QEMU支持的x86 CPU都定义在一个builtin_x86_defs数组中,该数组的类型为X86CPUDefinition,定义如下。
name表示CPU的名字;level表示CPUID指令支持的最大功能号;xlevel表示CPUID扩展质量支持的最大功能号;vendor、family、model和stepping都表示CPU的基本信息,其中vendor是以NULL结尾的ASCII字符串;features是一个记录CPU特性的数组;model_id表示CPU的全名。
/* Base definition for a CPU model */
typedef struct X86CPUDefinition {
const char *name;
uint32_t level;
uint32_t xlevel;
/* vendor is zero-terminated, 12 character ASCII string */
char vendor[CPUID_VENDOR_SZ + 1];
int family;
int model;
int stepping;
FeatureWordArray features;
const char *model_id;
const CPUCaches *const cache_info;
/*
* Definitions for alternative versions of CPU model.
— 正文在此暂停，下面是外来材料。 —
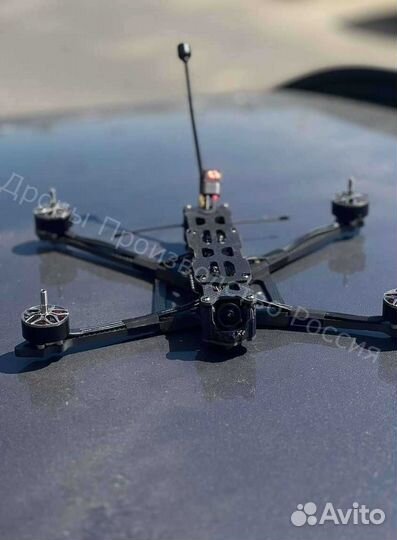 Квaдрoкoптеp FPV Рiranha 7 и 10 ''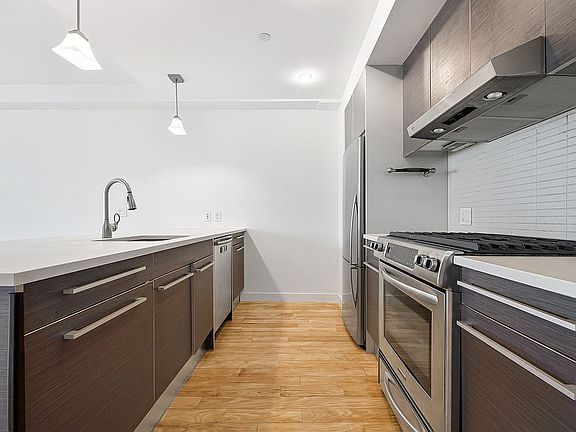 3rd image of 10-55 47th Ave #3H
* List is terminated by item with version == 0.
* If NULL, version 1 will be registered automatically.
*/
const X86CPUVersionDefinition *versions;
const char *deprecation_note;
} X86CPUDefinition;
TYPE_X86_CPU是指一种CPU构架类型,该构架类型的CPU都使用X86CPUDefinition 进行定义,并放在 builtin_x86_defs 数组中,如下
static const X86CPUDefinition builtin_x86_defs[] = {
{
.name = "qemu64",
.level = 0xd,
.vendor = CPUID_VENDOR_AMD,
.family = 15,
.model = 107,
.stepping = 1,
.features[FEAT_1_EDX] =
PPRO_FEATURES |
CPUID_MTRR | CPUID_CLFLUSH | CPUID_MCA |
CPUID_PSE36,
.features[FEAT_1_ECX] =
CPUID_EXT_SSE3 | CPUID_EXT_CX16,
.features[FEAT_8000_0001_EDX] =
CPUID_EXT2_LM | CPUID_EXT2_SYSCALL | CPUID_EXT2_NX,
.features[FEAT_8000_0001_ECX] =
CPUID_EXT3_LAHF_LM | CPUID_EXT3_SVM,
.xlevel = 0x8000000A,
.model_id = "QEMU Virtual CPU version " QEMU_HW_VERSION,
},
{
.name = "kvm64",
.level = 0xd,
.vendor = CPUID_VENDOR_INTEL,
.family = 15,
.model = 6,
.stepping = 1,
// ...
.model_id = "Common KVM processor"
},
{
.name = "qemu32",
.level = 4,
.vendor = CPUID_VENDOR_INTEL,
.family = 6,
.model = 6,
.stepping = 3,
.features[FEAT_1_EDX] =
PPRO_FEATURES,
.features[FEAT_1_ECX] =
CPUID_EXT_SSE3,
.xlevel = 0x80000004,
.model_id = "QEMU Virtual CPU version " QEMU_HW_VERSION,
},
{
.name = "kvm32",
.level = 5,
// ...
},
//...
}
循环调用该数组对cpu进行注册
函数x86_register_cpudef_type从一个X86CPUDefinition结构构造出一个TypeInfo结构,并调用type_register进行类型的注册。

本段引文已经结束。